What Is Cardioversion?

Cardioversion is a way to restore your heart’s normal rhythm. When your heartbeat is irregular, medi­cine is often used first to try to correct the rhythm of your heart. If that doesn’t work, cardioversion may be the next step. During this procedure, you are given a small, brief electric shock by a doctor. The shock helps your heartbeat become normal again. Cardioversion is most often done in a hospital.

The electrocardiogram (ECG) test results below show the difference between an irregular heartbeat and a heartbeat that has been restored to normal using cardioversion.

An ECG showing an irregular heartbeat before cardioversion.

An ECG showing a heartbeat restored to normal with cardioversion.

Before Your Procedure

Be sure to tell the doctor what medicines you take. Your doctor may ask you to take anticoagulants (blood thinners) for a few weeks—this helps prevent blood clots from forming. Your doctor will explain to you why you need cardioversion, as well as any risks. You will also be asked to sign a consent form. On the day of the procedure, don’t eat or drink for 6 hours before going to the hospital. And be sure to follow any other instructions you are given.

Don’t eat or drink for 6 hours before your procedure. If you have been told to continue with any medication, take it only with small sips of water.

During Your Procedure
Small pads (electrodes) are placed on your chest to record your heartbeat at all times.

  • An intravenous (IV) line is placed in your arm to give you a drug to sedate you (make you sleepy).
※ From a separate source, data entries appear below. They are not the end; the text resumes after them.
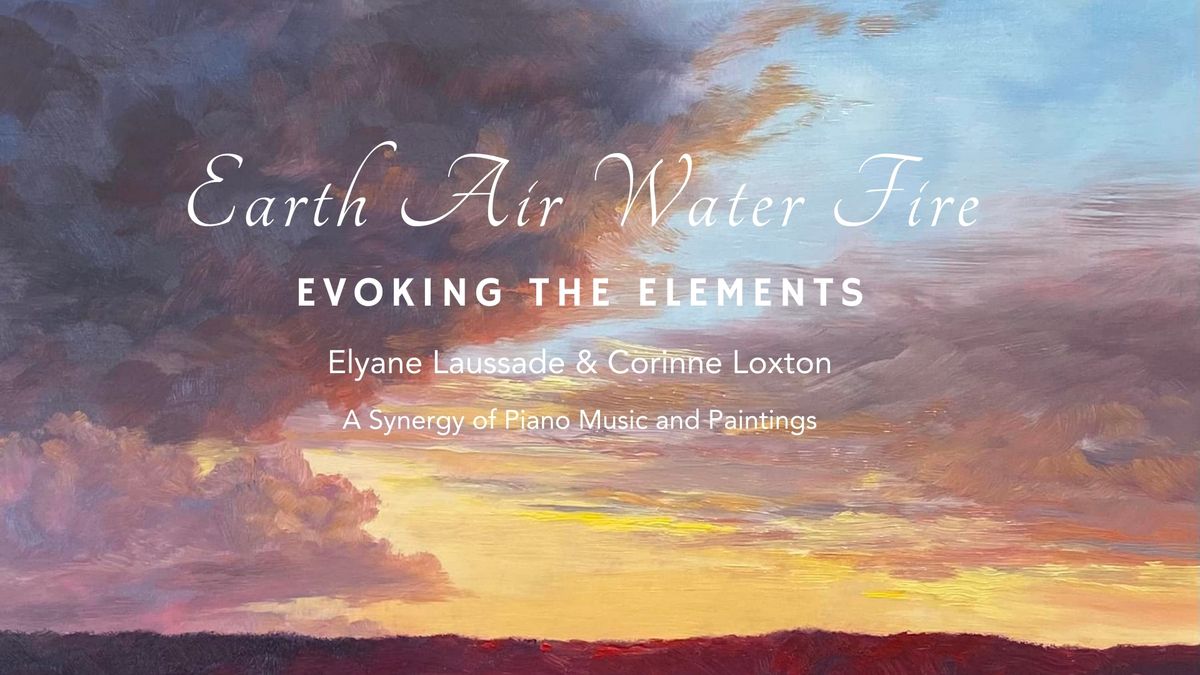 Evoking the Elements - A Synergy of Piano Music, Paintings and Food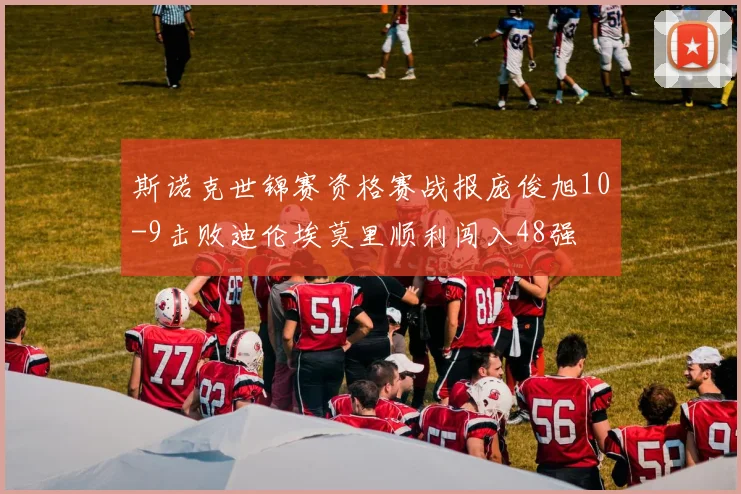 斯诺克世锦赛资格赛战报庞俊旭10-9击败迪伦埃莫里顺利闯入48强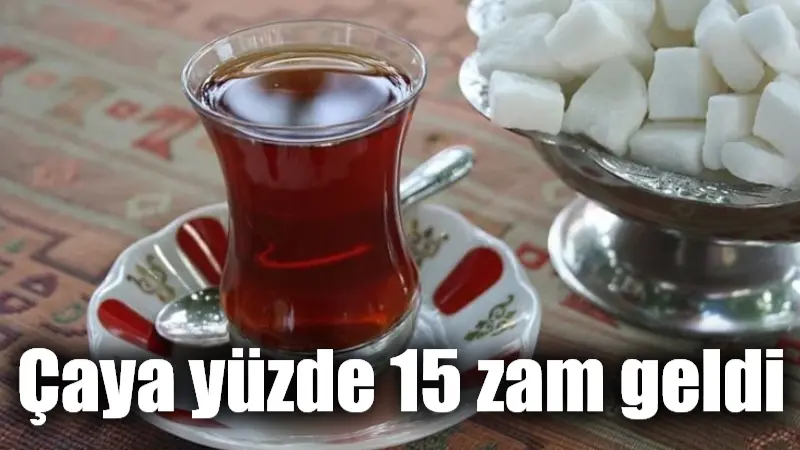 Çaya yüzde 15 zam geldi ÇAYKUR, artan maliyetleri gerekçe göstererek kuru çay fiyatlarına yüzde 15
You will not feel any discomfort during the procedure.
  • You may be given oxygen through a soft plastic tube in your nose.
  • Then, a very brief, low-dose electric shock is given through pads on your chest and back.
  • Your heartbeat is watched to make sure the normal rhythm has been restored.

During  cardioversion, you are fully sedated and won’t feel a thing.

After Your Procedure

You’ll need to stay in the hospital until the doctor is sure your heart­beat is normal

again. That might mean until the next day. You’ll wear a special monitor during this time. But you can sit up, walk, and have something to eat as soon as you are fully alert. For a day, the skin on your chest may feel a little sore, like a mild sunburn.

As soon as you’re alert, you may eat again.